(Recorded information Opens)

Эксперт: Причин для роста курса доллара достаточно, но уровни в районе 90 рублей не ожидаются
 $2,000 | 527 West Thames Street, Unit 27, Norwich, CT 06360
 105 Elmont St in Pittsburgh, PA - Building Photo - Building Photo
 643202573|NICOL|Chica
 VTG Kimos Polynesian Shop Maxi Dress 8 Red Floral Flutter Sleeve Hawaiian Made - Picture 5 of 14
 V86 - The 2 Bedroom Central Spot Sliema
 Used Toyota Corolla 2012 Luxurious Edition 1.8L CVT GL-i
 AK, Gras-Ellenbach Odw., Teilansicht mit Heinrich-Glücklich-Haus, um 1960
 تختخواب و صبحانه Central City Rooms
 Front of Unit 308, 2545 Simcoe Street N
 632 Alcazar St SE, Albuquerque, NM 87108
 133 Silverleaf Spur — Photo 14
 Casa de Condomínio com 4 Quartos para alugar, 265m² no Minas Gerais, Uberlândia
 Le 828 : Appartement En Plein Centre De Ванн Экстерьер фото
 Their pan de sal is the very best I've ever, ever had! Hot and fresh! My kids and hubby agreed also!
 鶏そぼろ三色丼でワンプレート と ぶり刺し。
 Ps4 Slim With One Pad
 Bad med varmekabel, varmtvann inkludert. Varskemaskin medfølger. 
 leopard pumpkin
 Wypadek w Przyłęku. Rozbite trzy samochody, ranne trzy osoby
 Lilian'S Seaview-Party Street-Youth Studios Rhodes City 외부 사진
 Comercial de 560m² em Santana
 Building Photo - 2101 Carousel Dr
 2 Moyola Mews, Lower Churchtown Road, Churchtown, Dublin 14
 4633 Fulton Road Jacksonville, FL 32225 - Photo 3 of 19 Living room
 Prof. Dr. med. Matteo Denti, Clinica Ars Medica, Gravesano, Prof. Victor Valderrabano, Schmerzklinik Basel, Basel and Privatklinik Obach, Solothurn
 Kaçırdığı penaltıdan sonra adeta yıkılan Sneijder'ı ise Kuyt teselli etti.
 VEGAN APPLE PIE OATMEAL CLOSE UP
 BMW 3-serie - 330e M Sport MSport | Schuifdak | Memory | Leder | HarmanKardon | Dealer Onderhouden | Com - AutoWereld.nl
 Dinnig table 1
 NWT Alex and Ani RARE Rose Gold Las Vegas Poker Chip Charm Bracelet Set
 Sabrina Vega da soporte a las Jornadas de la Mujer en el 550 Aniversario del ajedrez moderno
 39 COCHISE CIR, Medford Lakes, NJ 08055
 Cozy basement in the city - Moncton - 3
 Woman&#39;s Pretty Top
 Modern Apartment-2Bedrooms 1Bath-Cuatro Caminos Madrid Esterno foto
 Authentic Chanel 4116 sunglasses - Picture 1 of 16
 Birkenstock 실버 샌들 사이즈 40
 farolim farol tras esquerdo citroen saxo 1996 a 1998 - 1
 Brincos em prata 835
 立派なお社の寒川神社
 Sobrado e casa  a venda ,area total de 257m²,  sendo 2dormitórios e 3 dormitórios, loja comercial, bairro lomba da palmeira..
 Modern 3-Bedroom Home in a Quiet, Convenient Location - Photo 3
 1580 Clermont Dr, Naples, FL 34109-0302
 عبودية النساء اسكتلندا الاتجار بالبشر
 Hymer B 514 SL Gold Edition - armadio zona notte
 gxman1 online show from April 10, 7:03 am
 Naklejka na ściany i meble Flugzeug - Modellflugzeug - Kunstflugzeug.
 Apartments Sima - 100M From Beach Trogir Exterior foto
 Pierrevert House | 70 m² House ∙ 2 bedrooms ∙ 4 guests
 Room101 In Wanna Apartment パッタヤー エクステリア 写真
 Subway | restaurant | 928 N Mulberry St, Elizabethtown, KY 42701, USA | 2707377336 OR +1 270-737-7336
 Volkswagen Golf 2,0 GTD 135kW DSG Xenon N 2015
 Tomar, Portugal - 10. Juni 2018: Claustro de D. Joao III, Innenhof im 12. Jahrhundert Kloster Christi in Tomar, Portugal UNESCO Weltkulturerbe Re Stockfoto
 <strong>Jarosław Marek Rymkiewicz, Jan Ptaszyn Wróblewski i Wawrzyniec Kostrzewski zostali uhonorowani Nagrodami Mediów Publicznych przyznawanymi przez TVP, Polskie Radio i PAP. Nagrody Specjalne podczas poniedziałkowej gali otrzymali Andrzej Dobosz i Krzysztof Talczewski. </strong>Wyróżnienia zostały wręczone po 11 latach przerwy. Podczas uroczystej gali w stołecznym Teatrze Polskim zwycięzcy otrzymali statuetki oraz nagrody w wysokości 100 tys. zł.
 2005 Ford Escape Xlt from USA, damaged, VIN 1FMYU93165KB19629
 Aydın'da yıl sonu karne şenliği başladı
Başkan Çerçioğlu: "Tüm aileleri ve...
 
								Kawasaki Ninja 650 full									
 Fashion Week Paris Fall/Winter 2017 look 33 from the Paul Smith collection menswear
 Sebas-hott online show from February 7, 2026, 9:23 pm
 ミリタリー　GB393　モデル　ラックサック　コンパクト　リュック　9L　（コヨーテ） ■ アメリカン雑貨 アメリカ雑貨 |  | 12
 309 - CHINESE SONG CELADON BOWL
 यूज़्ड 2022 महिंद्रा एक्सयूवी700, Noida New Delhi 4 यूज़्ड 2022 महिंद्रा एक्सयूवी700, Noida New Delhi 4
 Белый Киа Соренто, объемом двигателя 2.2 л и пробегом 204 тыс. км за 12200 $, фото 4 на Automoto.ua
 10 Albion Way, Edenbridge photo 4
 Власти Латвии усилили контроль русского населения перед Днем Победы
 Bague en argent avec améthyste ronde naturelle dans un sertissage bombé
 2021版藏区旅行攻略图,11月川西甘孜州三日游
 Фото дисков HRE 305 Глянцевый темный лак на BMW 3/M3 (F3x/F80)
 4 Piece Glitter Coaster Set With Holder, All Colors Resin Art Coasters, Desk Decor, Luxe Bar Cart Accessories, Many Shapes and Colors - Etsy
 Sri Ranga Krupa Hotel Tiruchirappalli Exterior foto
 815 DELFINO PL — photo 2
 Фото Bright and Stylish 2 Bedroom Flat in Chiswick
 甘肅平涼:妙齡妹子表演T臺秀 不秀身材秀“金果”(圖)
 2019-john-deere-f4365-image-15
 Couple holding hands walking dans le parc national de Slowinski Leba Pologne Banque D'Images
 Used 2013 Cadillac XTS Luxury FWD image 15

(Recorded information Closes)

Problem to solve: Every line of the data above should be output exactly as written.

Output for this task:
Эксперт: Причин для роста курса доллара достаточно, но уровни в районе 90 рублей не ожидаются
 $2,000 | 527 West Thames Street, Unit 27, Norwich, CT 06360
 105 Elmont St in Pittsburgh, PA - Building Photo - Building Photo
 643202573|NICOL|Chica
 VTG Kimos Polynesian Shop Maxi Dress 8 Red Floral Flutter Sleeve Hawaiian Made - Picture 5 of 14
 V86 - The 2 Bedroom Central Spot Sliema
 Used Toyota Corolla 2012 Luxurious Edition 1.8L CVT GL-i
 AK, Gras-Ellenbach Odw., Teilansicht mit Heinrich-Glücklich-Haus, um 1960
 تختخواب و صبحانه Central City Rooms
 Front of Unit 308, 2545 Simcoe Street N
 632 Alcazar St SE, Albuquerque, NM 87108
 133 Silverleaf Spur — Photo 14
 Casa de Condomínio com 4 Quartos para alugar, 265m² no Minas Gerais, Uberlândia
 Le 828 : Appartement En Plein Centre De Ванн Экстерьер фото
 Their pan de sal is the very best I've ever, ever had! Hot and fresh! My kids and hubby agreed also!
 鶏そぼろ三色丼でワンプレート と ぶり刺し。
 Ps4 Slim With One Pad
 Bad med varmekabel, varmtvann inkludert. Varskemaskin medfølger. 
 leopard pumpkin
 Wypadek w Przyłęku. Rozbite trzy samochody, ranne trzy osoby
 Lilian'S Seaview-Party Street-Youth Studios Rhodes City 외부 사진
 Comercial de 560m² em Santana
 Building Photo - 2101 Carousel Dr
 2 Moyola Mews, Lower Churchtown Road, Churchtown, Dublin 14
 4633 Fulton Road Jacksonville, FL 32225 - Photo 3 of 19 Living room
 Prof. Dr. med. Matteo Denti, Clinica Ars Medica, Gravesano, Prof. Victor Valderrabano, Schmerzklinik Basel, Basel and Privatklinik Obach, Solothurn
 Kaçırdığı penaltıdan sonra adeta yıkılan Sneijder'ı ise Kuyt teselli etti.
 VEGAN APPLE PIE OATMEAL CLOSE UP
 BMW 3-serie - 330e M Sport MSport | Schuifdak | Memory | Leder | HarmanKardon | Dealer Onderhouden | Com - AutoWereld.nl
 Dinnig table 1
 NWT Alex and Ani RARE Rose Gold Las Vegas Poker Chip Charm Bracelet Set
 Sabrina Vega da soporte a las Jornadas de la Mujer en el 550 Aniversario del ajedrez moderno
 39 COCHISE CIR, Medford Lakes, NJ 08055
 Cozy basement in the city - Moncton - 3
 Woman&#39;s Pretty Top
 Modern Apartment-2Bedrooms 1Bath-Cuatro Caminos Madrid Esterno foto
 Authentic Chanel 4116 sunglasses - Picture 1 of 16
 Birkenstock 실버 샌들 사이즈 40
 farolim farol tras esquerdo citroen saxo 1996 a 1998 - 1
 Brincos em prata 835
 立派なお社の寒川神社
 Sobrado e casa  a venda ,area total de 257m²,  sendo 2dormitórios e 3 dormitórios, loja comercial, bairro lomba da palmeira..
 Modern 3-Bedroom Home in a Quiet, Convenient Location - Photo 3
 1580 Clermont Dr, Naples, FL 34109-0302
 عبودية النساء اسكتلندا الاتجار بالبشر
 Hymer B 514 SL Gold Edition - armadio zona notte
 gxman1 online show from April 10, 7:03 am
 Naklejka na ściany i meble Flugzeug - Modellflugzeug - Kunstflugzeug.
 Apartments Sima - 100M From Beach Trogir Exterior foto
 Pierrevert House | 70 m² House ∙ 2 bedrooms ∙ 4 guests
 Room101 In Wanna Apartment パッタヤー エクステリア 写真
 Subway | restaurant | 928 N Mulberry St, Elizabethtown, KY 42701, USA | 2707377336 OR +1 270-737-7336
 Volkswagen Golf 2,0 GTD 135kW DSG Xenon N 2015
 Tomar, Portugal - 10. Juni 2018: Claustro de D. Joao III, Innenhof im 12. Jahrhundert Kloster Christi in Tomar, Portugal UNESCO Weltkulturerbe Re Stockfoto
 <strong>Jarosław Marek Rymkiewicz, Jan Ptaszyn Wróblewski i Wawrzyniec Kostrzewski zostali uhonorowani Nagrodami Mediów Publicznych przyznawanymi przez TVP, Polskie Radio i PAP. Nagrody Specjalne podczas poniedziałkowej gali otrzymali Andrzej Dobosz i Krzysztof Talczewski. </strong>Wyróżnienia zostały wręczone po 11 latach przerwy. Podczas uroczystej gali w stołecznym Teatrze Polskim zwycięzcy otrzymali statuetki oraz nagrody w wysokości 100 tys. zł.
 2005 Ford Escape Xlt from USA, damaged, VIN 1FMYU93165KB19629
 Aydın'da yıl sonu karne şenliği başladı
Başkan Çerçioğlu: "Tüm aileleri ve...
 
								Kawasaki Ninja 650 full									
 Fashion Week Paris Fall/Winter 2017 look 33 from the Paul Smith collection menswear
 Sebas-hott online show from February 7, 2026, 9:23 pm
 ミリタリー　GB393　モデル　ラックサック　コンパクト　リュック　9L　（コヨーテ） ■ アメリカン雑貨 アメリカ雑貨 |  | 12
 309 - CHINESE SONG CELADON BOWL
 यूज़्ड 2022 महिंद्रा एक्सयूवी700, Noida New Delhi 4 यूज़्ड 2022 महिंद्रा एक्सयूवी700, Noida New Delhi 4
 Белый Киа Соренто, объемом двигателя 2.2 л и пробегом 204 тыс. км за 12200 $, фото 4 на Automoto.ua
 10 Albion Way, Edenbridge photo 4
 Власти Латвии усилили контроль русского населения перед Днем Победы
 Bague en argent avec améthyste ronde naturelle dans un sertissage bombé
 2021版藏区旅行攻略图,11月川西甘孜州三日游
 Фото дисков HRE 305 Глянцевый темный лак на BMW 3/M3 (F3x/F80)
 4 Piece Glitter Coaster Set With Holder, All Colors Resin Art Coasters, Desk Decor, Luxe Bar Cart Accessories, Many Shapes and Colors - Etsy
 Sri Ranga Krupa Hotel Tiruchirappalli Exterior foto
 815 DELFINO PL — photo 2
 Фото Bright and Stylish 2 Bedroom Flat in Chiswick
 甘肅平涼:妙齡妹子表演T臺秀 不秀身材秀“金果”(圖)
 2019-john-deere-f4365-image-15
 Couple holding hands walking dans le parc national de Slowinski Leba Pologne Banque D'Images
 Used 2013 Cadillac XTS Luxury FWD image 15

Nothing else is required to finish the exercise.